Entries taken from a collection
--------

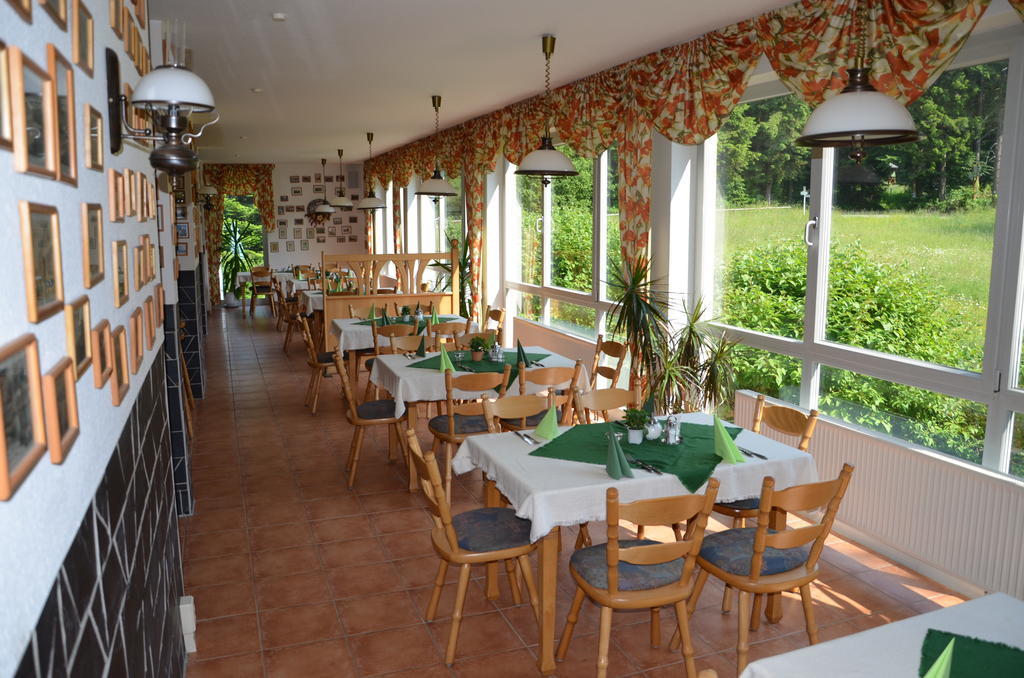Hotel Haus Oberland Массерберг Экстерьер фото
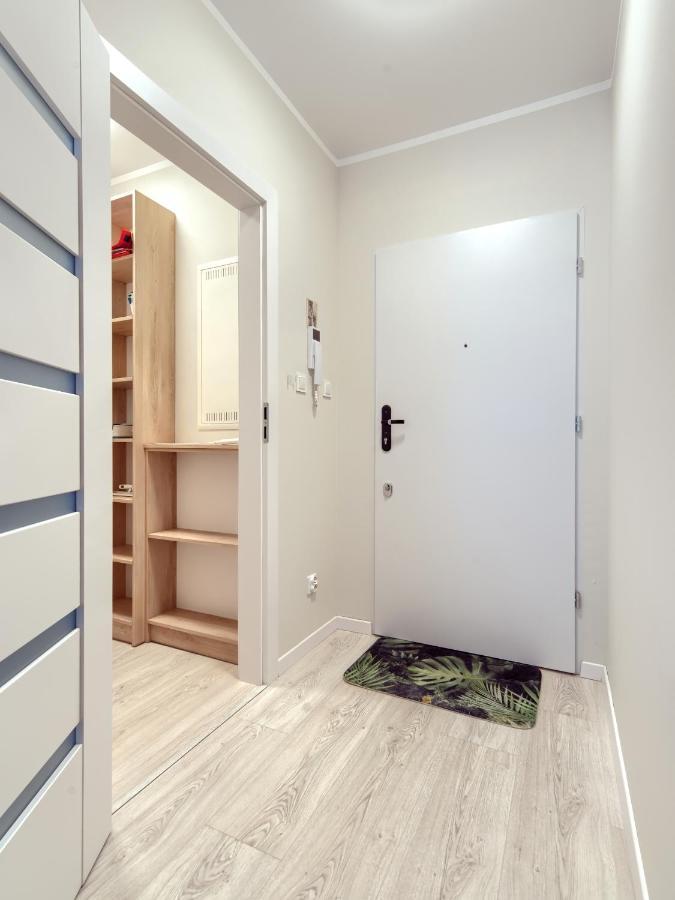 Tricity Retreat With Parking - By Rentujemy Apartment *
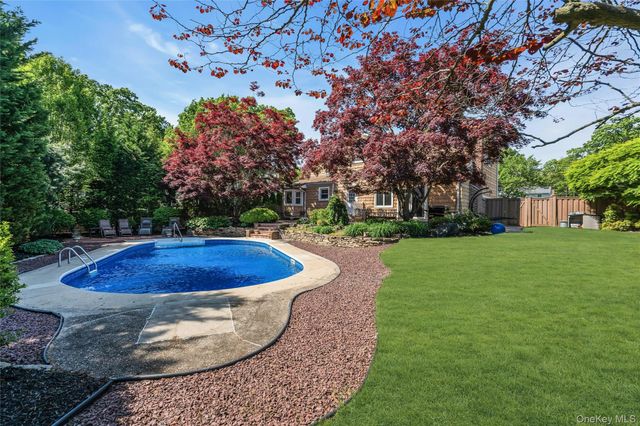 18 Ron Court, Commack, NY 11725
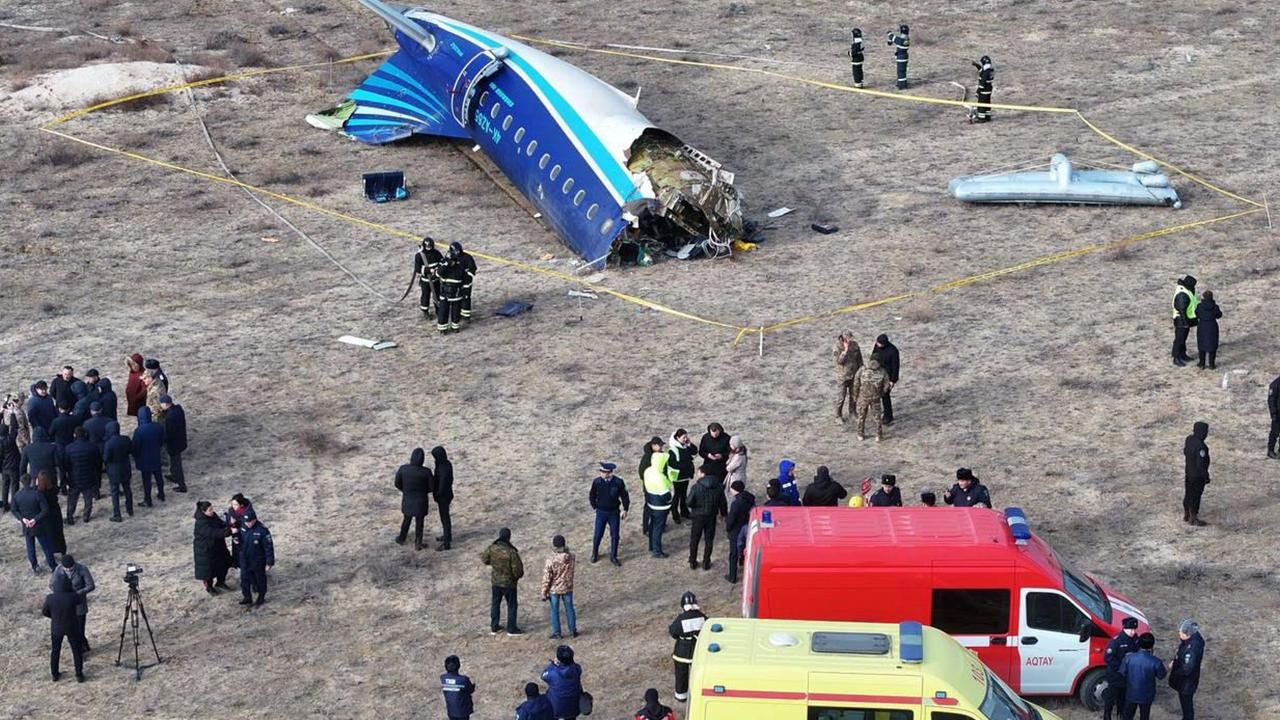 Azerbaycan havayolları uçağının düşüş sebebi açıklandı: Rus füzesi!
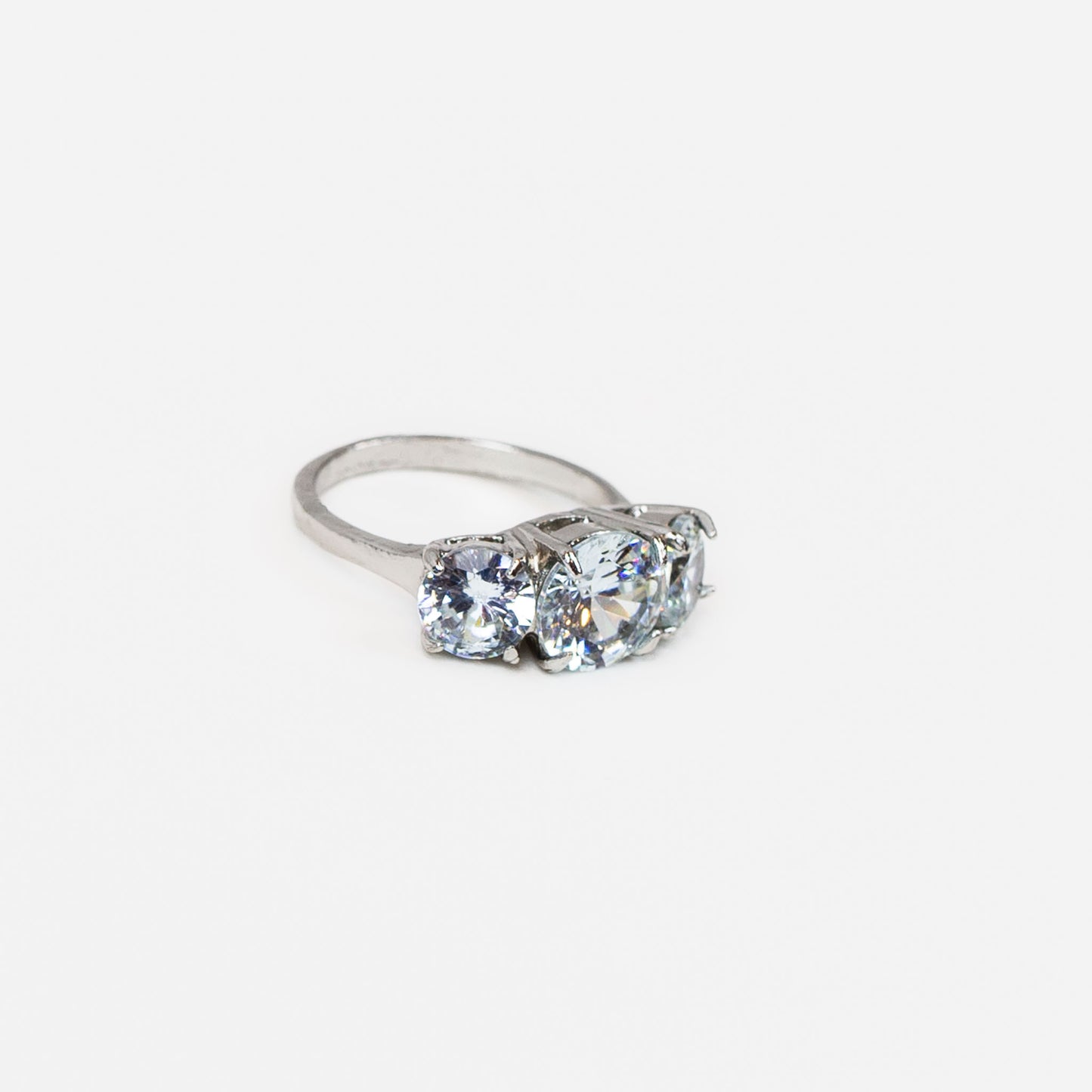 Set cadou cercei, brățară, inel, agrafe cu pietre - Gata pentru petrecere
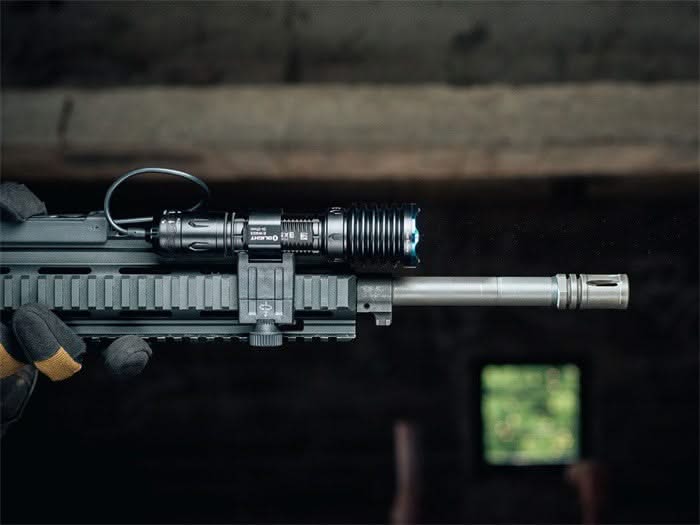 Olight Warrior X 3 -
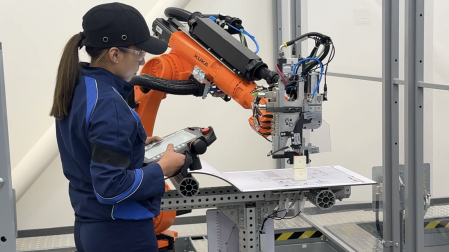Integrante del Programa Dual de BMW Group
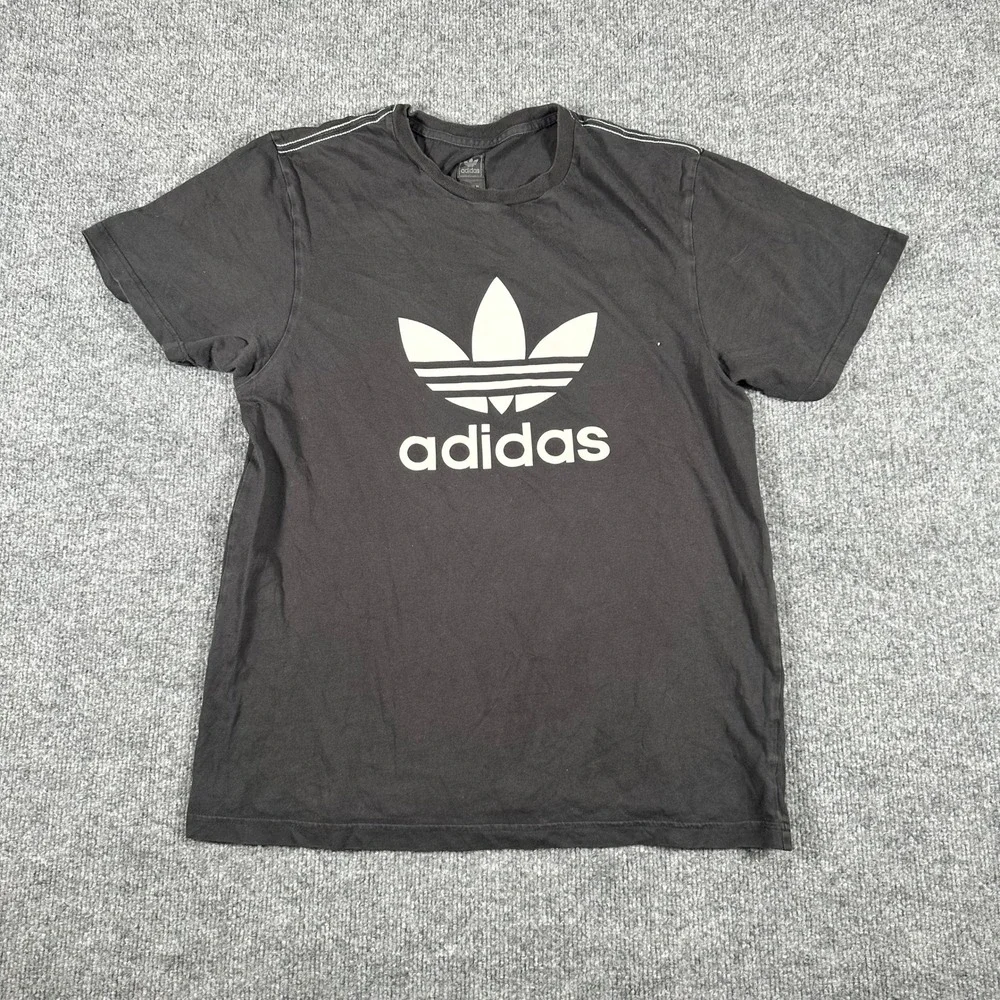 adidas trefoil graphic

--------

> [Requirement]:
Once the line containing "Tricity Retreat With" is found in the records above, it and every line after it up to the last must be repeated exactly, without pictures.

> [Reply to the task]:
 Tricity Retreat With Parking - By Rentujemy Apartment *
 18 Ron Court, Commack, NY 11725
 Azerbaycan havayolları uçağının düşüş sebebi açıklandı: Rus füzesi!
 Set cadou cercei, brățară, inel, agrafe cu pietre - Gata pentru petrecere
 Olight Warrior X 3 -
Integrante del Programa Dual de BMW Group
 adidas trefoil graphic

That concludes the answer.